Nuovi poveri in aumento 830 famiglie si rivolgono al «banco» della Caritas
In tre anni sono triplicate le quantità di alimentari distribuite nel Feltrino Italiani in difficoltà tanto quanto gli stranieri

FELTRE. Tante, troppe persone non riescono a mettere insieme il pranzo con la cena. Così anche la solidarietà è cresciuta per rispondere all'aumento esponenziale dei poveri, ormai senza più distinzione tra italiani ed extracomunitari, e anzi con questi ultimi che quando possono danno il loro contributo per gli altri. A raccontarlo è il responsabile della Caritas Rino Dal Ben, che analizza la situazione in vista della colletta alimentare.
Sabato toccherà ai cittadini trasformare la spesa in un'occasione di solidarietà, dai carrelli di supermercati e negozi alle tavole dei bisognosi. In base ai dati aggiornati, oggi si rivolgono alla Caritas 50 famiglie in più rispetto allo scorso anno, con un incremento da 780 al mese nel 2009 alle attuali 830. E' poi triplicata la distribuzione di derrate alimentari, passata da 18 quintali mensili nel 2008 ad una media di circa 60 nel 2010. «Sono aumentati i fruitori, ma è cresciuta anche la quantità di cibo per ogni nucleo, grazie alla generosità del Banco alimentare di Trento che ci fornisce un maggior numero di pacchi», spiega Dal Ben. «Distribuiamo gli alimenti anche ad una ventina di persone nel basso feltrino e ad altre tra Fonzaso e Arsiè, che rientrerebbero nella diocesi di Padova. Ma la carità non ha confini e riusciamo a far fronte alle domande». Purtroppo, in uno scenario di disagio diffuso, per orgoglio la necessità talvolta non viene palesata e «si fa fatica a intercettare chi ha bisogno». Da qualche mese poi, il venerdì dalle 16 alle 18 è presente all'ufficio Caritas il movimento Aiuto alla vita, che consegna omogeneizzati e altri prodotti per bambini piccoli come sostegno alle madri in difficoltà economiche.

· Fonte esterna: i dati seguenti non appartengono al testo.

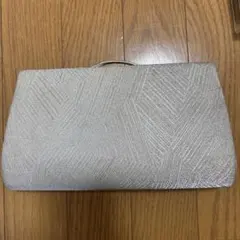 シルバー クラッチバッグ チェーンストラップ付き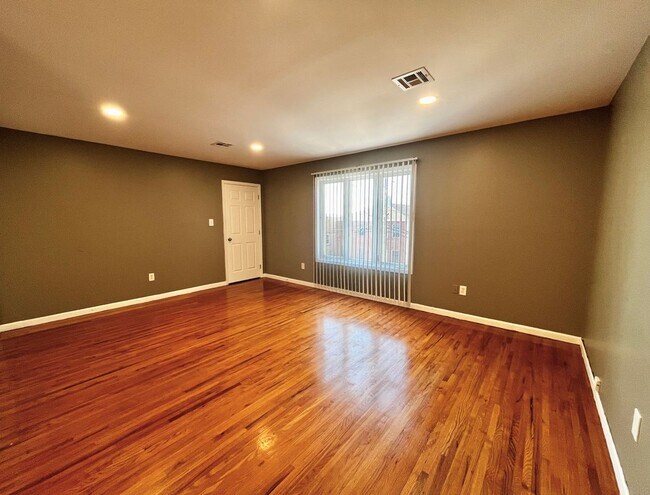 7100 Durham Ave in North Bergen, NJ - Building Photo - Building Photo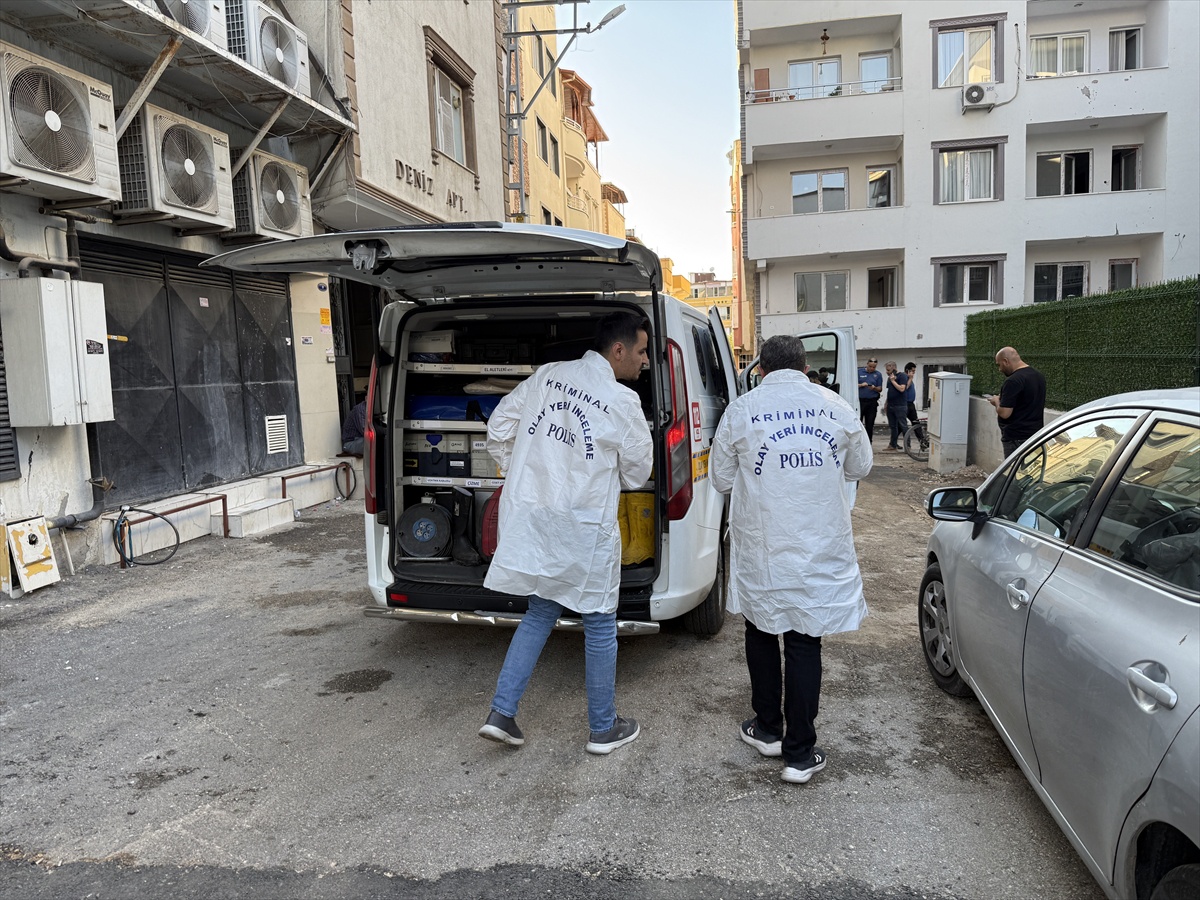 Gaziantep\'te yangın: 1 çocuk öldü, 3 yaralı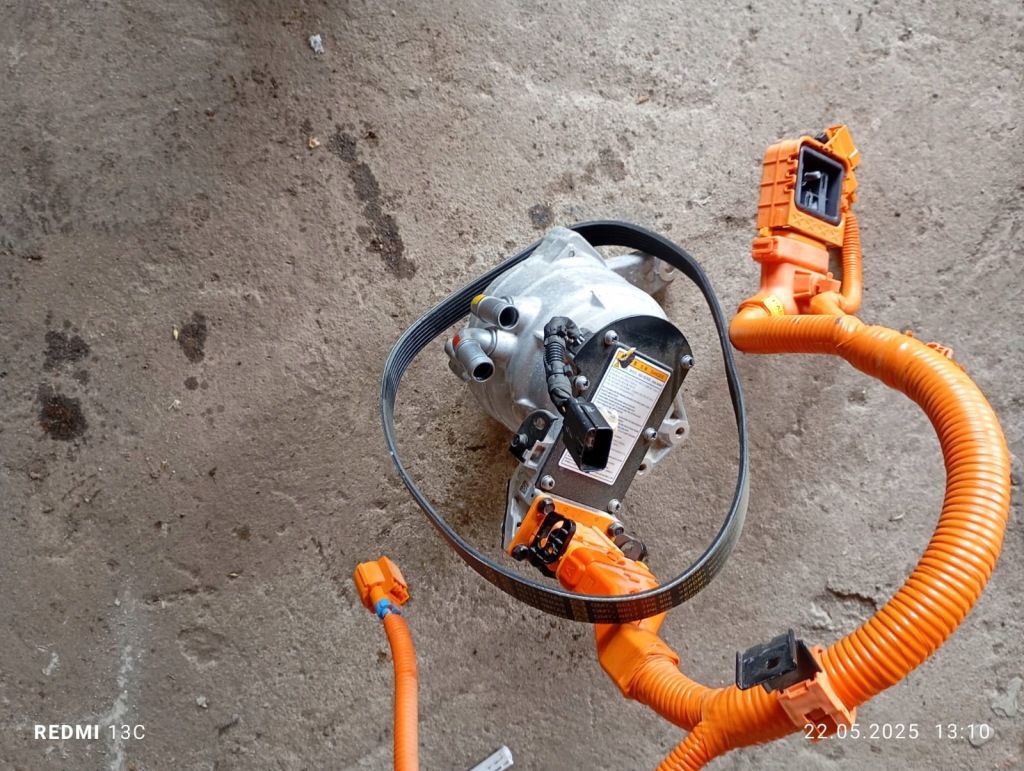 Генератор kona niro 2 1,6hyb 37390-03920 комплектный в Украине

Intanto, sabato torna in provincia la colletta alimentare organizzata dal Banco alimentare del Friuli. Saranno oltre 400 i volontari che presteranno servizio nei 33 punti vendita del feltrino che aderiscono, informando dell'iniziativa i clienti dei negozi. Hanno assicurato il proprio apporto gli alpini delle sezioni Ana, i gruppi di Comunione e liberazione, Caritas parrocchiale, Insieme si può, scout e altri. Sul tavolo c'è l'allargamento della soglia della povertà per colpa della crisi economica che continua a dissanguare il territorio. Il responsabile provinciale del Banco Gabriele Minesso si dice fiducioso sulla risposta della popolazione, a cui si chiede di donare prodotti come tonno, olio, pelati, legumi, riso, omogeneizzati, carne in scatola, e poi la pasta (l'alimento che fa sempre la parte del leone), il riso, lo zucchero, il latte a lunga conservazione. Il cibo sarà trasportato da sette furgoni prestati da aziende, associazioni ed enti, che porteranno tutto al magazzino Cassol di Santa Giustina. Dove oltre 50 volontari provvederanno a suddividere e stoccare i prodotti, che verranno infine inoltrati al Banco alimentare di Udine. In totale, aggiunge Minesso, «i gruppi caritativi bellunesi convenzionati con il Banco sono quaranta». Se è vero che nel momento di crisi la gente diventa più generosa, l'obiettivo è segnare un nuovo record della Colletta.